A mass grave of victims in the 1937 massacre in Nanjing. CNA photo Jan. 28, 1947.

Taipei, Dec. 13 (CNA) History cannot be forgotten, and countries should learn from history and make efforts to promote peace in the region, a Taiwanese official said Saturday, the 77th anniversary of the start of the Nanjing Massacre committed by Japanese troops in China during the Second Sino-Japanese War (1937-1945).

Ministry of Foreign Affairs spokeswoman Anna Kao said the massacre was a historical tragedy, when asked about the issue.

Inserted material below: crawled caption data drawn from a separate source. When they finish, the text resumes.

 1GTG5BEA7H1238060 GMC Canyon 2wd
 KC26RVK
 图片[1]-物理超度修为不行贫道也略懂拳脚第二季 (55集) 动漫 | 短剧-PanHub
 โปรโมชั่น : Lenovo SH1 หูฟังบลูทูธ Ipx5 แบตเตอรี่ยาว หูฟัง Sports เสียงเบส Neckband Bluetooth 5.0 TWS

In reiterating the Republic of China's stance, Kao said that history cannot be forgotten, and she called on the countries involved to learn from history to avoid recurrence of such tragedies. She also urged countries in the region to develop friendly relations and work together to promote peace and stability in the region.

On Dec. 13, 1937, Japanese troops broke through Nanjing's defenses and entered the then-capital of the ROC. They occupied the city for more than a month.

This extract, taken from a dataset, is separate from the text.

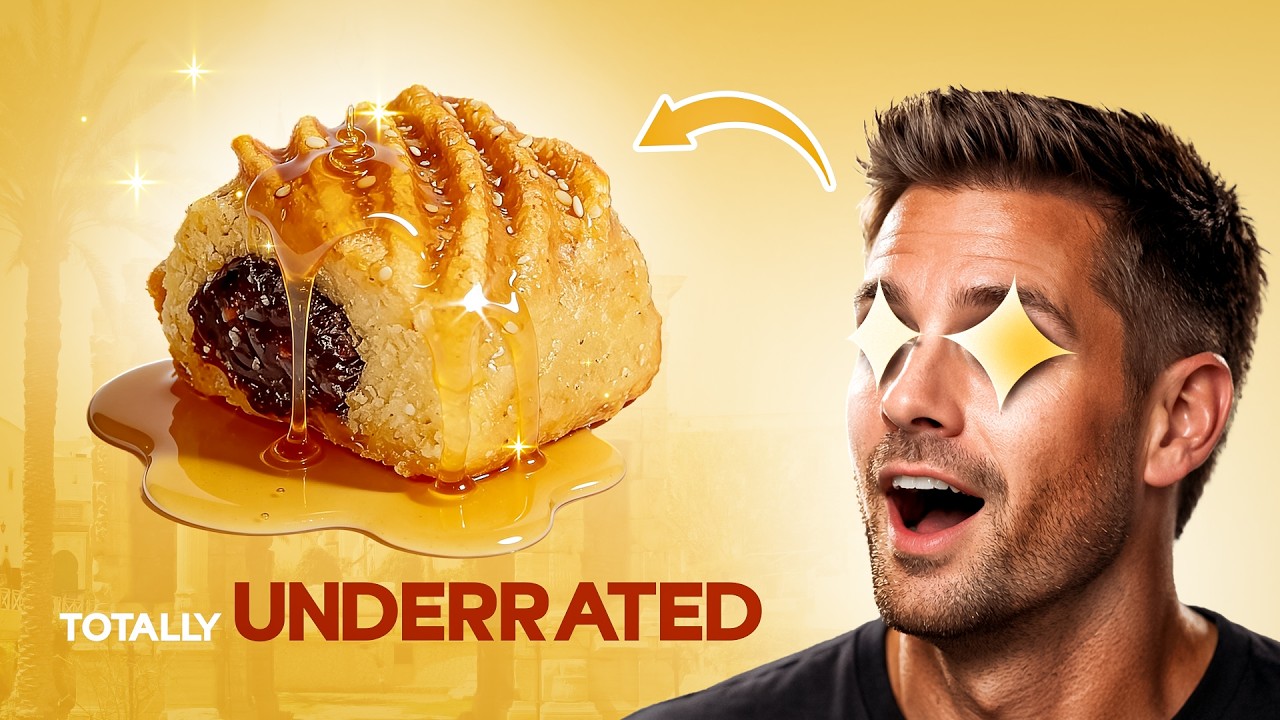 Food Thumbnail Concept 01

It was during that time that Japanese troops carried out the atrocity, butchering hundreds of thousands of Chinese soldiers and civilians in Nanjing, an incident some historians describe as the Rape of Nanjing.


[The remembrance ceremony in Nanjing Saturday . Photo of China News Service Dec. 13, 2014]

In China on Saturday, President Xi Jinping and other Chinese officials attended a remembrance ceremony at a memorial hall in Nanjing for the massacre victims, in a gesture aimed at promoting peace, according to China's state media, Xinhua News Agency.

The Chinese and Japanese people should live in friendship and make joint efforts to contribute to the peace of humanity, he was quoted as saying by Xinhua.

"We should not bear hatred against an entire nation just because a small minority of militarists launched aggressive wars. The responsibilities for war crimes lie with a few militarists, but not the people. However, we cannot at any time forget the severe crimes committed by aggressors," Xi said.